## WHAT IS REQUIRED
Find the line that holds "Prinz Harry und" in the material below. Output that line and each one after it exactly, but not the pictures.

## COLLECTED DATA

== Segment start ==

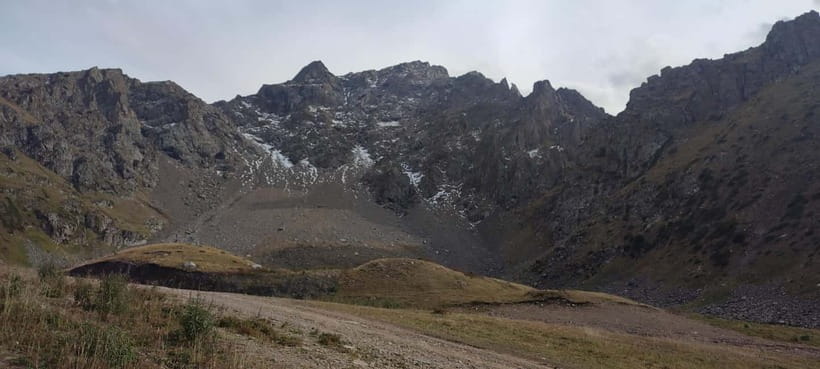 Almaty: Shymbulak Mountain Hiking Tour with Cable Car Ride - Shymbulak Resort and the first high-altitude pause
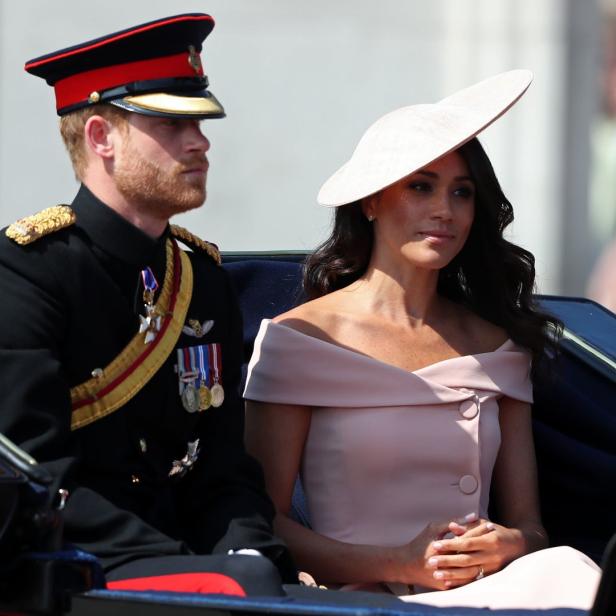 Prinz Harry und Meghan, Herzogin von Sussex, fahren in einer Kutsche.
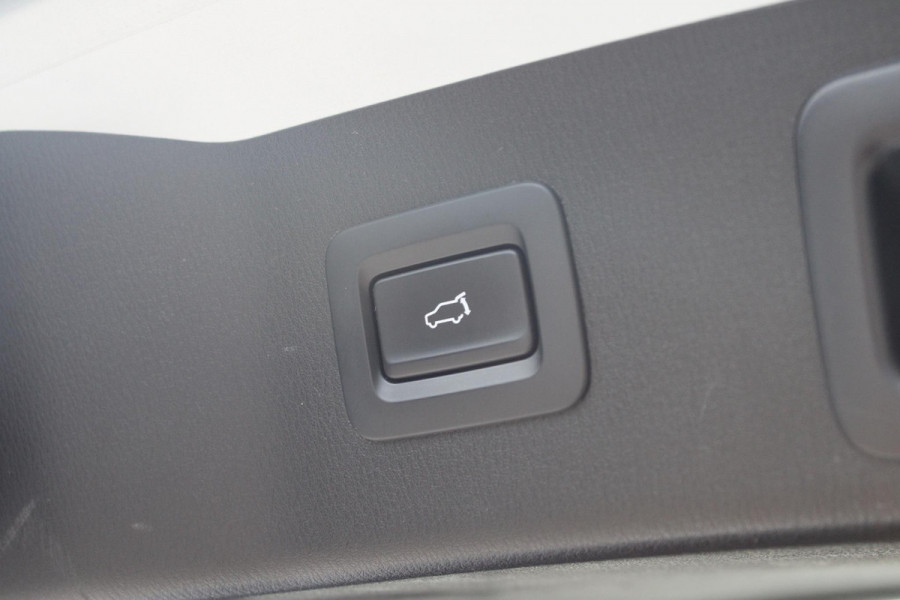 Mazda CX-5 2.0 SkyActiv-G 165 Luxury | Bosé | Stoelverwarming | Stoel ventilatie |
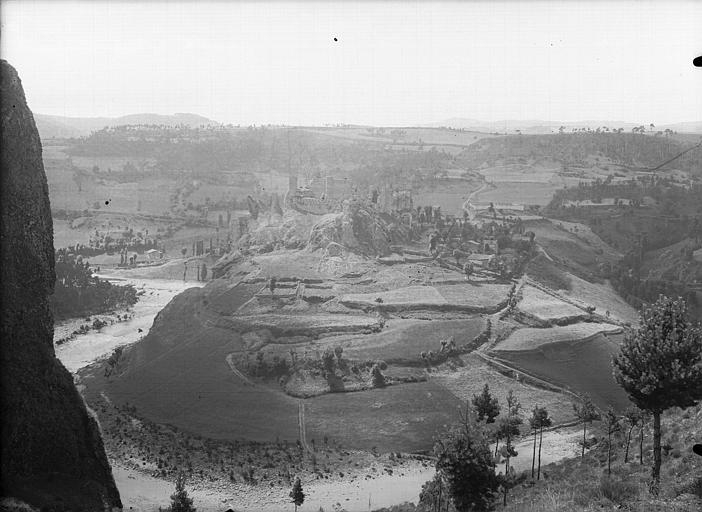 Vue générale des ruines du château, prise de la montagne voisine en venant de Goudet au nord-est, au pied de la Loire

== Segment end ==

## ANSWER BELOW
 Prinz Harry und Meghan, Herzogin von Sussex, fahren in einer Kutsche.
 Mazda CX-5 2.0 SkyActiv-G 165 Luxury | Bosé | Stoelverwarming | Stoel ventilatie |
 Vue générale des ruines du château, prise de la montagne voisine en venant de Goudet au nord-est, au pied de la Loire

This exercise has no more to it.